# [What the task requires]
Retype only what runs from the line with "legs of asian" through the end of the entries, exactly and in full, but omit any picture you find.

- - - - -

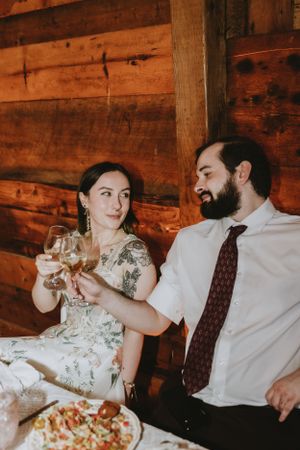 Wedding reception celebration with couple toasting wine glasses in rustic wooden venue.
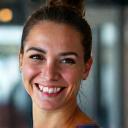 Happy client Jessica M. smiling at the gym.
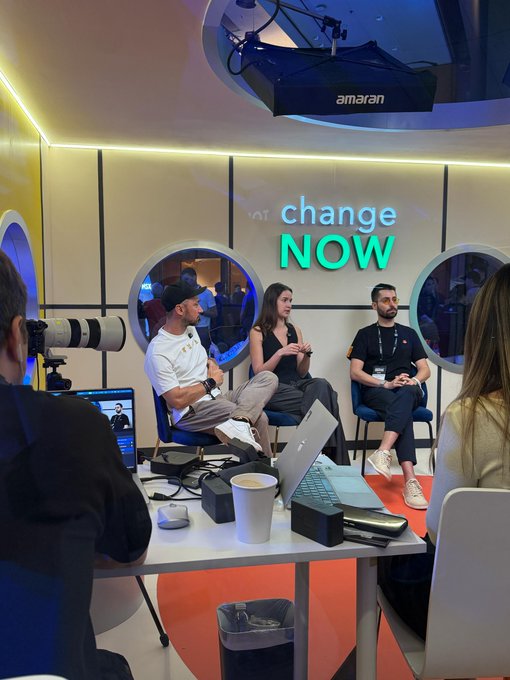 A group of four people sit on stage during a panel discussion at a TOKEN2049 podcast zone, with a camera operator in the foreground and a laptop, microphone, and cup on the table. A large neon sign on the wall reads “change NOW,” and an overhead projector is branded “amazon,” matching the post’s description of live interviews, panels, and conversations from the event floor.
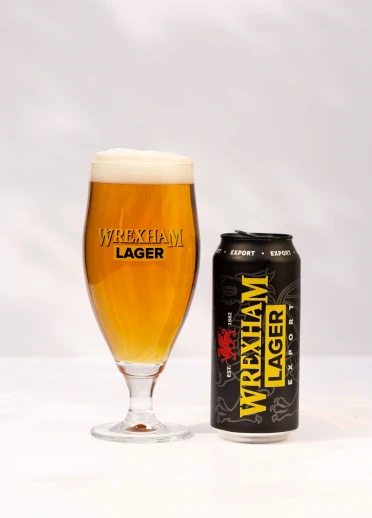 A poured glass of Wrexham Lager next to a can of Wrexham Lager Export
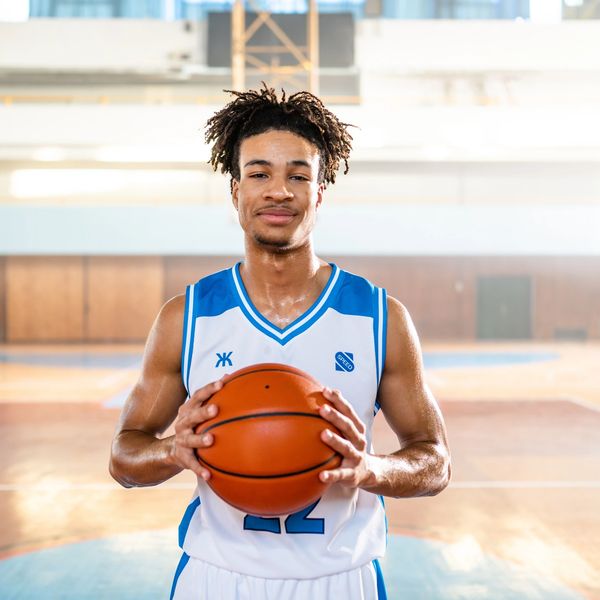 A basketball player holding a ball on an indoor court, smiling confidently.
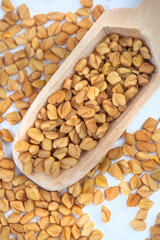 Fenugreek seeds with wooden spoon on mottled grey surface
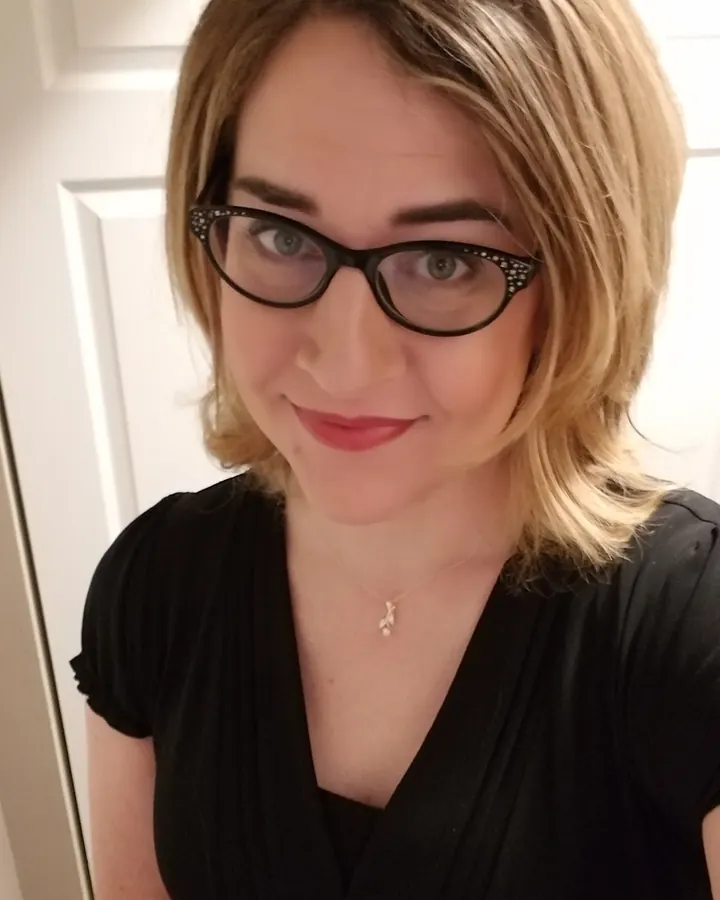 Femme souriante portant des lunettes, vêtue d’un haut noir, regardant l'appareil photo avec un léger sourire.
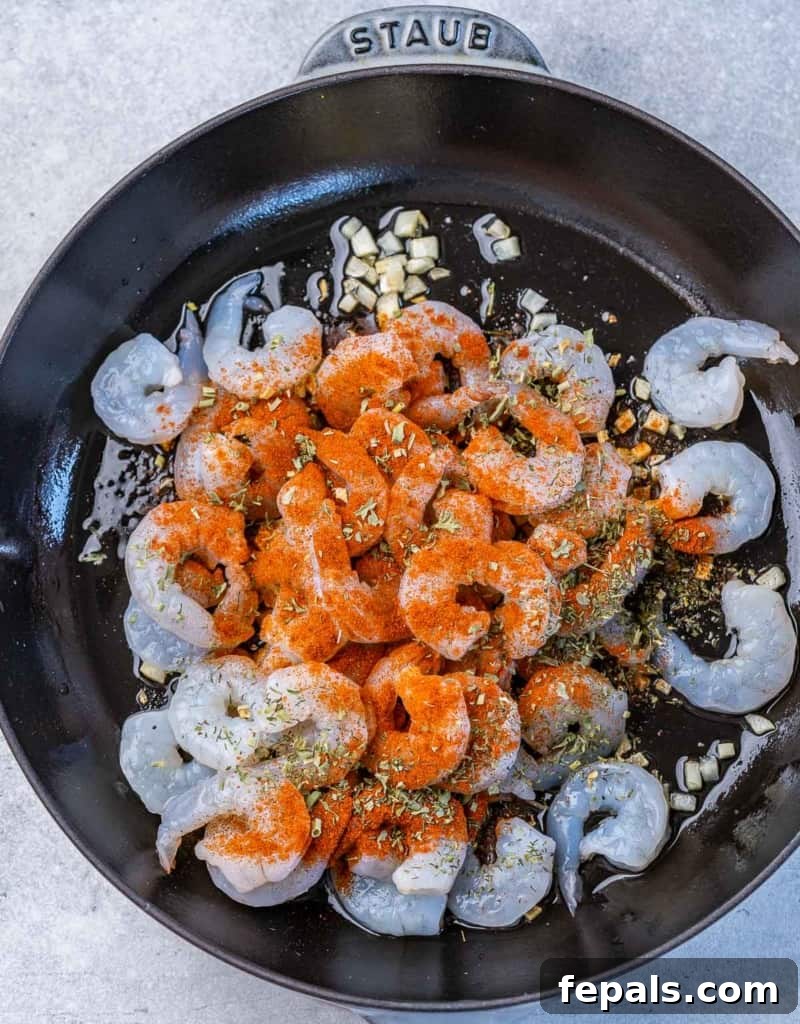 Golden Grits and Gulf Delights 7 Adding shrimp and seasonings to a pan with sautéing garlic.
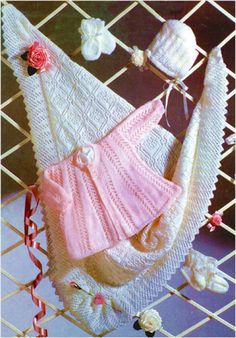 a crocheted baby's dress and hat hanging on a clothesline with flowers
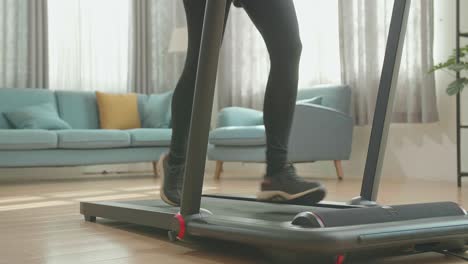 legs of asian woman running on a treadmill at home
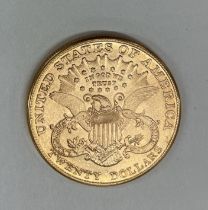 A USA Liberty head twenty dollar coin.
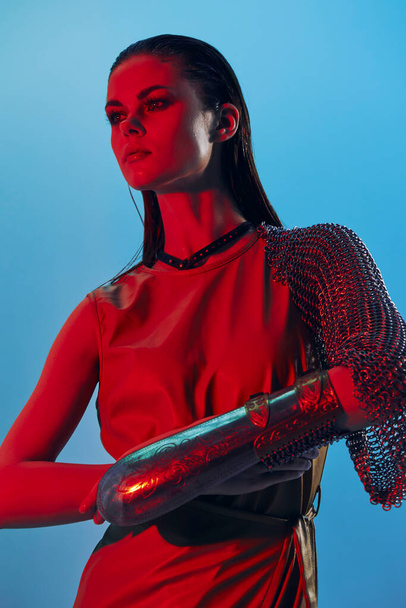 young woman Glamor posing red light metal armor on hand isolated background - Valokuva, kuva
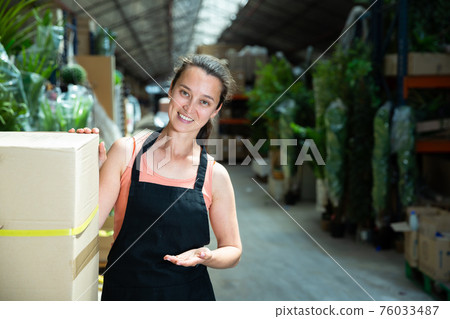 Garden store worker posing at shopping room 76033487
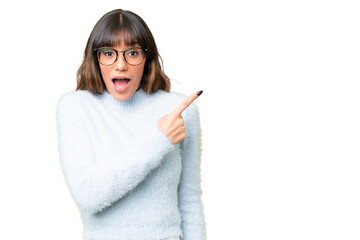 Young caucasian woman over isolated chroma key background surprised and pointing side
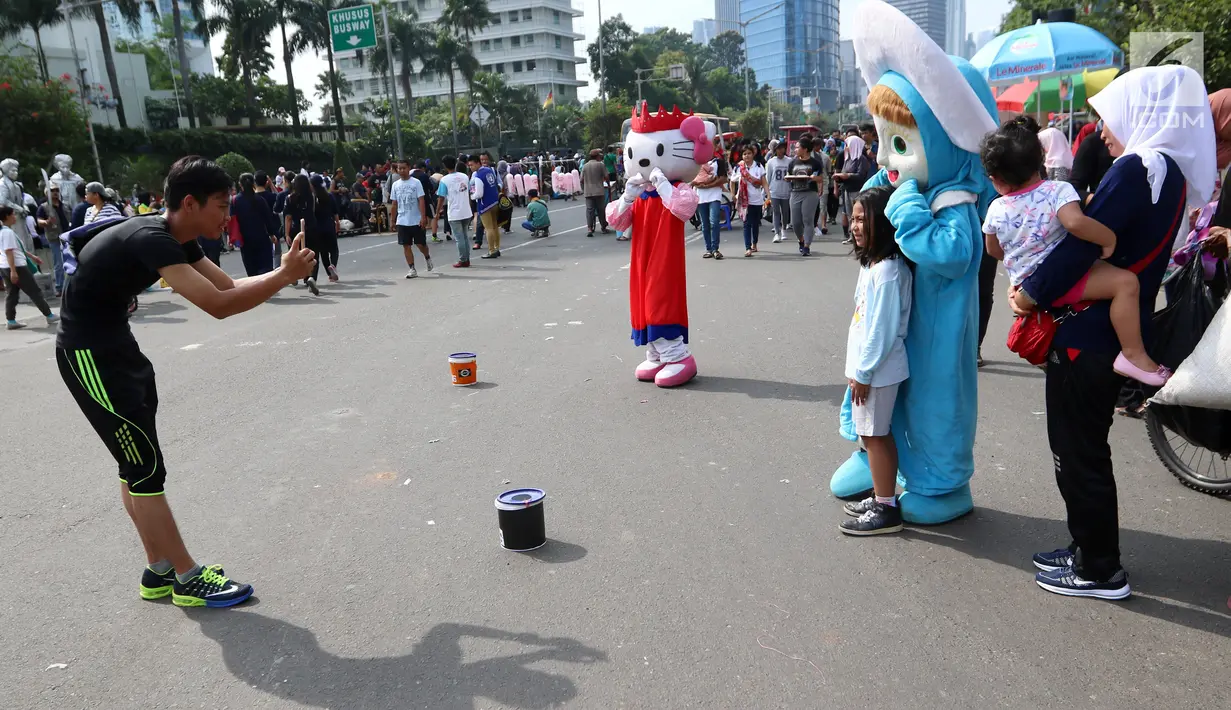 Warga sedang foto dengan seniman berkostum boneka Masha saat kegiatan Car Free Day di Bundaran HI di Jakarta, Minggu, (12/11). Warga merasa terhibur dengan adanya seniman berkostum ini. (Liputan6.com/Fery Pradolo)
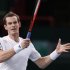 Murray of Britain returns the ball to Poland's Janowicz during the Paris Masters tennis tournament in Paris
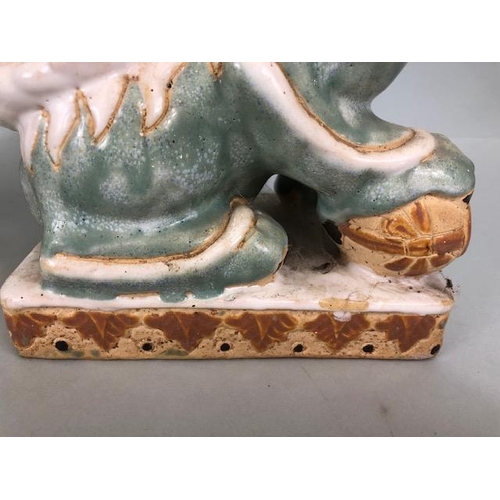 138 - Oriental Ceramics, Two Chinese pottery Foo or Shi Shi dogs glazed in celadon and cream each  approxi... 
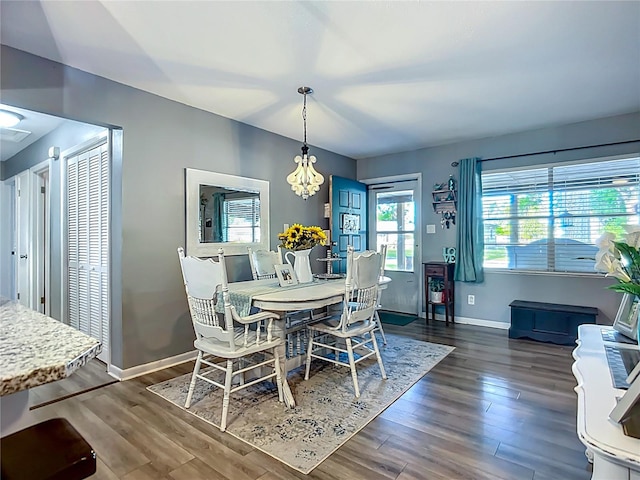 9616 Oak Ridge Ave, Riverview, FL 33578 - dining area with baseboards, wood finished floors, and a chandelier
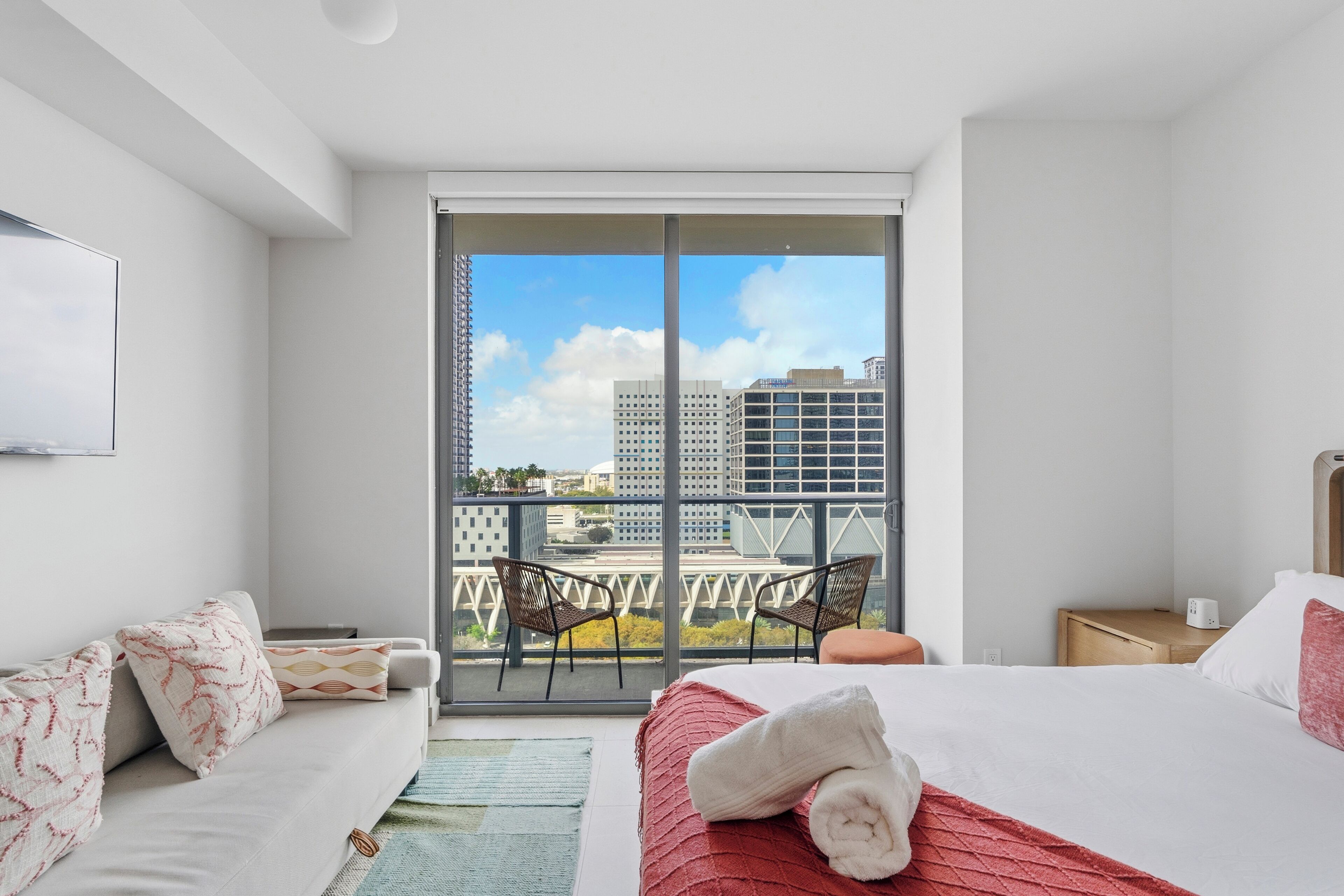 Een moderne hotelkamer met een groot balkon, een bed met een rode sprei, een bank met opvallende kussens en uitzicht op de stad.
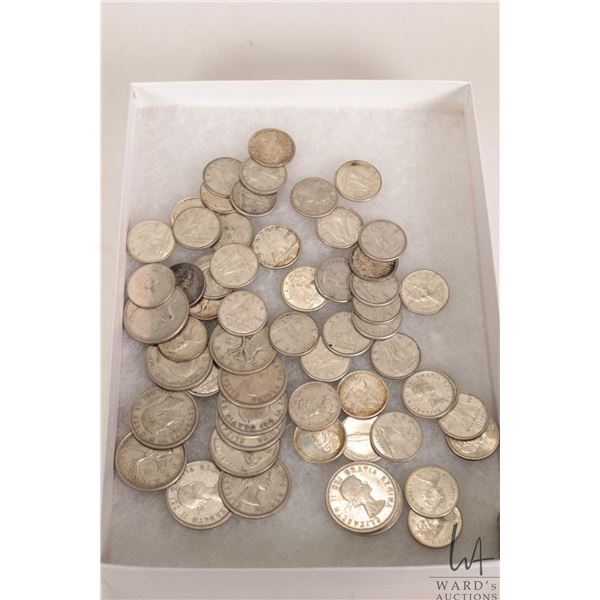 Thirteen Canadian silver quarters and forty six silver dimes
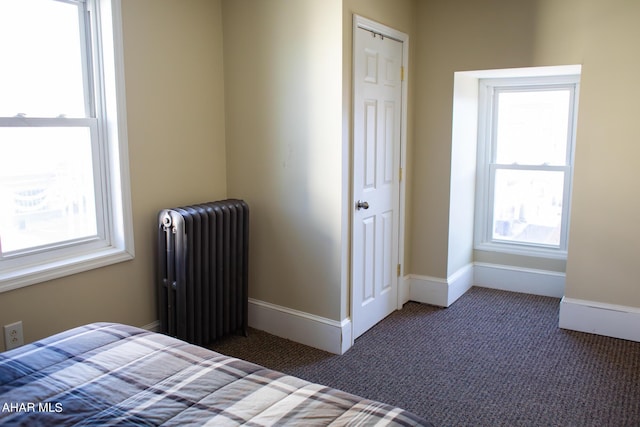 unfurnished bedroom featuring dark carpet and radiator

- - - - -

# [Task response]
 legs of asian woman running on a treadmill at home
 A USA Liberty head twenty dollar coin.
 young woman Glamor posing red light metal armor on hand isolated background - Valokuva, kuva
 Garden store worker posing at shopping room 76033487
 Young caucasian woman over isolated chroma key background surprised and pointing side
 Warga sedang foto dengan seniman berkostum boneka Masha saat kegiatan Car Free Day di Bundaran HI di Jakarta, Minggu, (12/11). Warga merasa terhibur dengan adanya seniman berkostum ini. (Liputan6.com/Fery Pradolo)
 Murray of Britain returns the ball to Poland's Janowicz during the Paris Masters tennis tournament in Paris
 138 - Oriental Ceramics, Two Chinese pottery Foo or Shi Shi dogs glazed in celadon and cream each  approxi... 
 9616 Oak Ridge Ave, Riverview, FL 33578 - dining area with baseboards, wood finished floors, and a chandelier
 Een moderne hotelkamer met een groot balkon, een bed met een rode sprei, een bank met opvallende kussens en uitzicht op de stad.
 Thirteen Canadian silver quarters and forty six silver dimes
 unfurnished bedroom featuring dark carpet and radiator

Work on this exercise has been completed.